New research in this week's issue of The Lancet suggests that giving heart attack patients two powerful drugs in the emergency room can lower the risk of having a second heart attack by 17%.
A heart attack occurs when the normal blood flow to the heart muscle is interrupted, usually by a blood clot. Thus, most heart attack victims receive a clot-busting drug in combination with other medicines and often eventually undergo a surgical procedure to keep the blood vessels open.
This newest strategy combines a widely available clot-busting drug, Retavase, with a drug called Reopro that targets platelets, a major component of blood clots. In the study more than 16,000 heart attack patients were treated with either Retavase alone or a half-dose of Retavase plus a full dose of Reopro.
The combination treatment reduced the risk of a second heart attack by 17%, says the study's author Eric J. Topol, MD. The combination of drugs did not, however, reduce death from the initial heart attack within 30 days. But he believes that when his team re-evaluates the patients after a year, there will be a significant decrease in the number of deaths among patients who received the combination therapy. "It does look very promising," Topol says.
This new drug combination appears to work best in those people with more severe heart attacks -- meaning that a larger area of the heart is affected -- and among those who are less than 70 years of age, says Topol.
Although Topol is very enthusiastic about the results, another expert, Steve Marso, MD, of MidAmerica Heart Institute and assistant professor at the University of Missouri in Kansas City, is not as impressed. He tells WebMD that the study was designed to show that the combination treatment saved lives and "the answer to that question is: no."

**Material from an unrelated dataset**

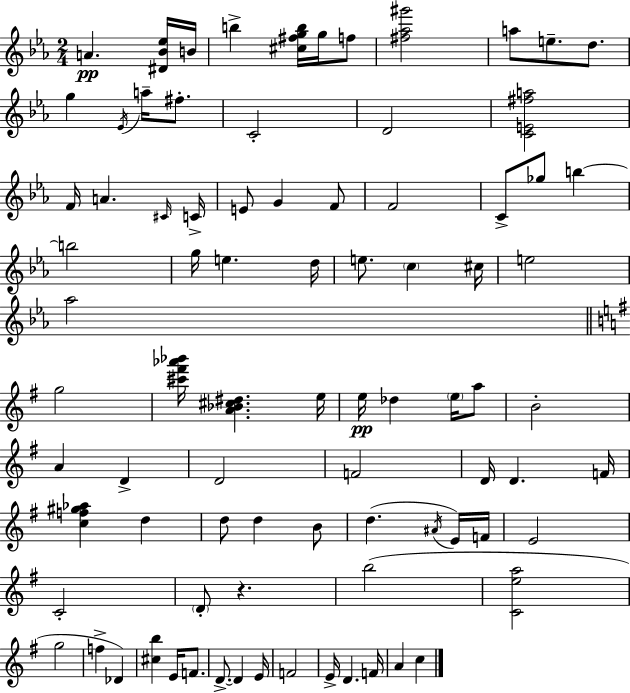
A4/q. [D#4,Bb4,Eb5]/s B4/s B5/q [C#5,F#5,G5,B5]/s G5/s F5/e [F#5,Ab5,G#6]/h A5/e E5/e. D5/e. G5/q Eb4/s A5/s F#5/e. C4/h D4/h [C4,E4,F#5,A5]/h F4/s A4/q. C#4/s C4/s E4/e G4/q F4/e F4/h C4/e Gb5/e B5/q B5/h G5/s E5/q. D5/s E5/e. C5/q C#5/s E5/h Ab5/h G5/h [C#6,F#6,Ab6,Bb6]/s [A4,Bb4,C#5,D#5]/q. E5/s E5/s Db5/q E5/s A5/e B4/h A4/q D4/q D4/h F4/h D4/s D4/q. F4/s [C5,F5,G#5,Ab5]/q D5/q D5/e D5/q B4/e D5/q. A#4/s E4/s F4/s E4/h C4/h D4/e R/q. B5/h [C4,E5,A5]/h G5/h F5/q Db4/q [C#5,B5]/q E4/s F4/e. D4/e. D4/q E4/s F4/h E4/s D4/q. F4/s A4/q C5/q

But Marso still thinks Topol may be on to something. He says the findings on second heart attacks suggest that this combination may buy precious time for heart attack sufferers who don't live near a large hospital where more aggressive heart attack treatments can be provided. Marso suggests that these patients will be given this new combination and then transported to other centers for additional treatment.
But the ultimate goal, says Marso may be triple therapy, in which the patient receives the combination therapy studied by Topol and then is whisked off to have his or her arteries propped opened using stents. "That is where we may really see a survival advantage," Marso says.